Yep. The way I would put this:
It barely matters if you transition to this sort of architecture well after human obsolescence.
The further imitation+ light RL (competitively) goes the less important other less safe training approaches are.
What do you think about the fact that to reach somewhat worse than best human performance, AlphaStar needed a massive amount of RL? It’s not a huge amount of evidence and I think intuitions from SOTA llms are more informative overall, but it’s still something interesting. (There is a case that AlphaStar is more analogous as it involves doing a long range task and reaching comparable performance to top tier human professionals which LLMs arguably don’t do in any domain.)
Also, note that even if there is a massive amount of RL, it could still be the case that most of the learning is from imitation (or that most of the learning is from self-supervised (e.g. prediction) objectives which are part of RL).
One specific way to operationalize this is how much effective compute improvement you get from RL on code.

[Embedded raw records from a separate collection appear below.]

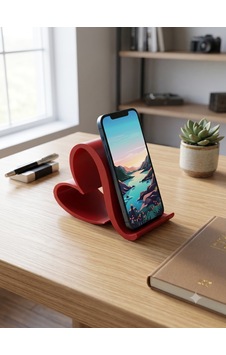 Kalp Tasarımlı Telefon Standı 3d Baskı Masaüstü Telefon Tutucu İtfaiye Kırmızısı
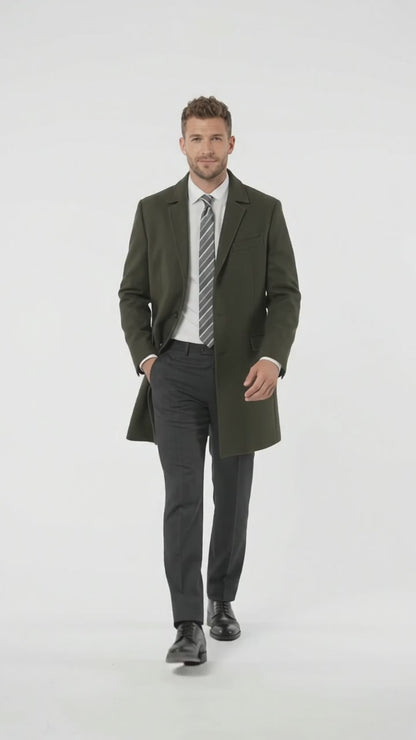 Men's Olive Green Wool Car Coat – Classic Mid-Length Three-Quarter Dress Overcoat for Men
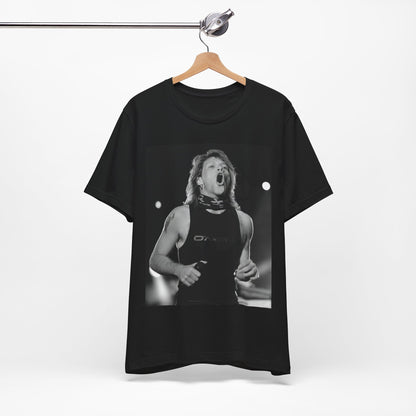 A black graphic t-shirt featuring a black and white iconic graphic or photo of Bon Jovi as superstars.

For current SOTA models (e.g. claude 3), I would guess a central estimate of 2-3x effective compute multiplier from RL, though I’m extremely unsure. (I have no special knowledge here, just a wild guess based on eyeballing a few public things.)(Perhaps the deepseek code paper would allow for finding better numbers?)
FWIW, think a high fraction of the danger from the exact setup I outlined isn’t imitation, but is instead deep serial (and recurrent) reasoning in non-interpretable media.
Some thoughts:
+ differentially-transparent scaffolding (externalized reasoning-like; e.g. CoT, in-context learning [though I’m a bit more worried about the amount of parallel compute even in one forward pass with very long context windows], [text-y] RAG, many tools, explicit task decomposition, sampling-and-voting), I’d probably add; I suspect this combo adds up to a lot, if e.g. labs were cautious enough and less / no race dynamics, etc. (I think I’m at > 90% you’d get all the way to human obsolescence).
I’m not sure how good of an analogy AlphaStar is, given e.g. its specialization, the relatively easy availability of a reward signal, the comparatively much less (including for transfer from close domains) imitation data availability and use (vs. the LLM case). And also, even AlphaStar was bootstrapped with imitation learning.
This review of effective compute gains without retraining might come closest to something like an answer, but it’s been a while since I last looked at it.
I think I (still) largely hold the intuition mentioned here, that deep serial (and recurrent) reasoning in non-interpretable media won’t be (that much more) competitive versus more chain-of-thought-y / tools-y-transparent reasoning, at least before human obsolescence. E.g. based on the [CoT] length complexity—computational complexity tradeoff from Auto-Regressive Next-Token Predictors are Universal Learners and on arguments like those in Before smart AI, there will be many mediocre or specialized AIs, I’d expect the first AIs which can massively speed up AI safety R&D to be probably somewhat subhuman-level in a forward pass (including in terms of serial depth / recurrence) and to compensate for that with CoT, explicit task decompositions, sampling-and-voting, etc. This seems born out by other results too, e.g. More Agents Is All You Need (on sampling-and-voting) or Sub-Task Decomposition Enables Learning in Sequence to Sequence Tasks (‘We show that when concatenating intermediate supervision to the input and training a sequence-to-sequence model on this modified input, unlearnable composite problems can become learnable. We show that this is true for any family of tasks which on the one hand, are unlearnable, and on the other hand, can be decomposed into a polynomial number of simple sub-tasks, each of which depends only on O(1) previous sub-task results’).